Yet this weekend's Premiership programme promises to be the best-attended of the season, thanks in part to the dramatic content of England's month- long tussle with the heavyweights of the southern hemisphere but also to a genuine hunger for top-level club action. Leicester will pull in 10,000 plus for this afternoon's game with Sale, Newcastle expect a full house at Kingston Park for tomorrow's meeting with Gloucester and Saracens predict an audience of around 8,000 for the visit of Bath.

During the recent exercise in mid-winter hibernation, the body charged with administering the professional club game, the English Rugby Partnership, worked closely with Allied Dunbar's marketing and research wing in an effort to identify the potential audience for their combined product. "The figures show that almost 50 per cent of males between 16 and 40 have an interest in the top end of the game and we see that as a highly encouraging statistic," said Kerr, who chairs ERP.

"The issue centres on the structured season. If we can create a fixture list under which the clubs have a meaningful home game once a fortnight, there is a chance of commercial viability. It is through regular exposure that people begin to identify with their local club, which in turn translates into regular support.

"We've just had four weeks on the sidelines at Quins and I can't say it hasn't been difficult.

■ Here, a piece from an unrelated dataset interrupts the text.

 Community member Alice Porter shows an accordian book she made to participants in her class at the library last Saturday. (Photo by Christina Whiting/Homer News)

We played one or two second-team games on the mornings of international matches and there was some interest, but we were effectively shut down for a month and it hurt us. People spend money at this time of year, but because we had little or no rugby to offer, no one was spending any of it here. Obviously, we need to forge some sort of common agreement on international dates to enable clubs to keep operating."

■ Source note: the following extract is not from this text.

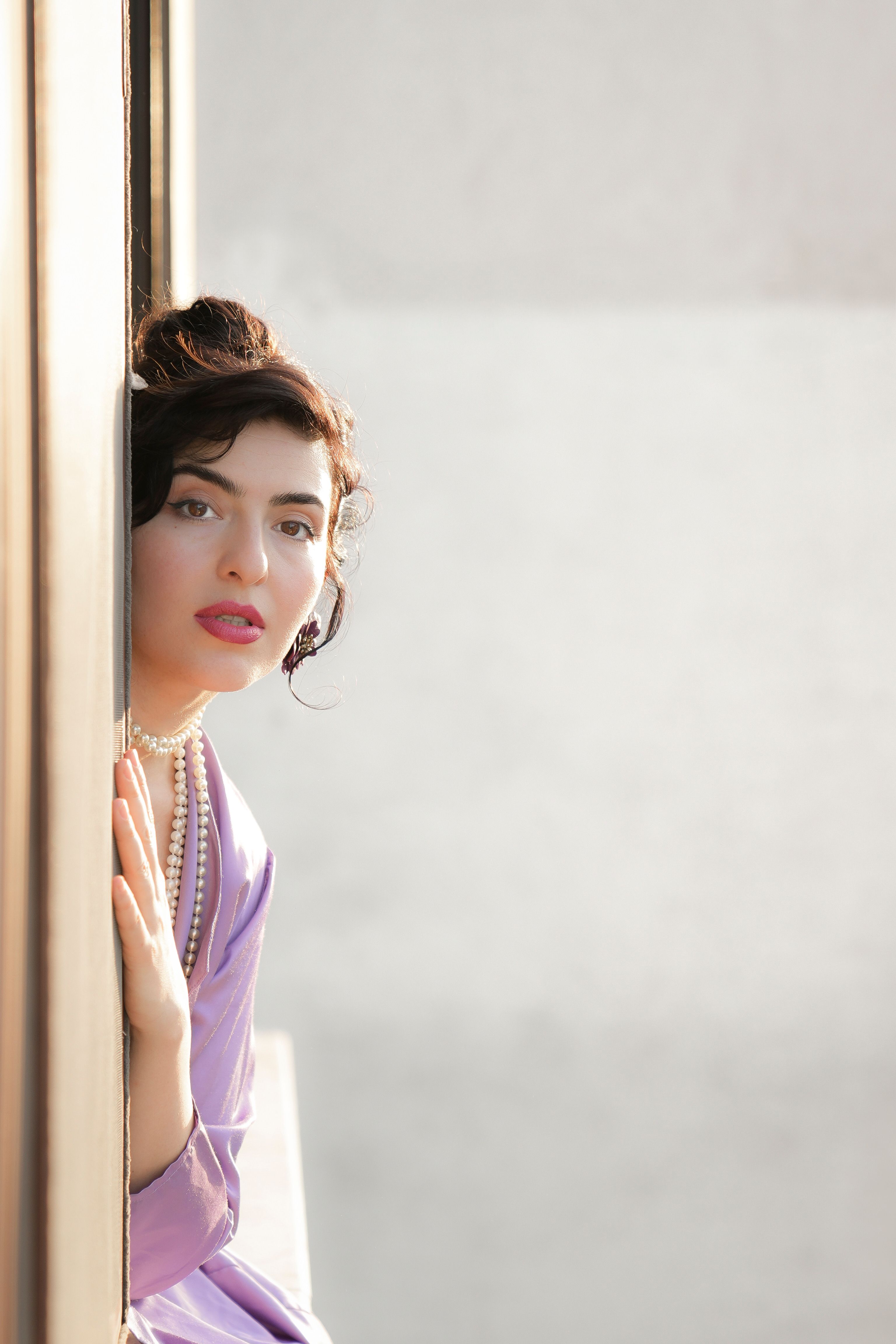 A woman leaning against a wall with her hand on her hip · Free Stock Photo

Representatives of the Allied Dunbar clubs are pushing for a maximum of two pre-Christmas England internationals from now on, although they would almost certainly be prepared to settle for a compromise figure of three. What they require urgently is an end to disruptive one-off Tests like next weekend's Italy-Ireland match, which will deprive Quins, for instance, of two senior front-row forwards for their trip to Leicester.

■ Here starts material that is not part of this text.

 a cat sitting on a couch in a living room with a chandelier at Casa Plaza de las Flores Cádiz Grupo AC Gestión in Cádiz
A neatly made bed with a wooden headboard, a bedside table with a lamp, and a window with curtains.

Quite who Quins will field at the sharp end this afternoon was still under wraps yesterday; the only certainty was that there would be no room for Will Carling (remember him?). Wasps, however, were prepared to divulge their line-up. Alex King has declared himself fit for action after a 20- minute run-out with the second-string in midweek, Laurence Scrase replaces the injured Nick Greenstock in midfield and the flanker Jon Ions makes his Premiership debut on the open side.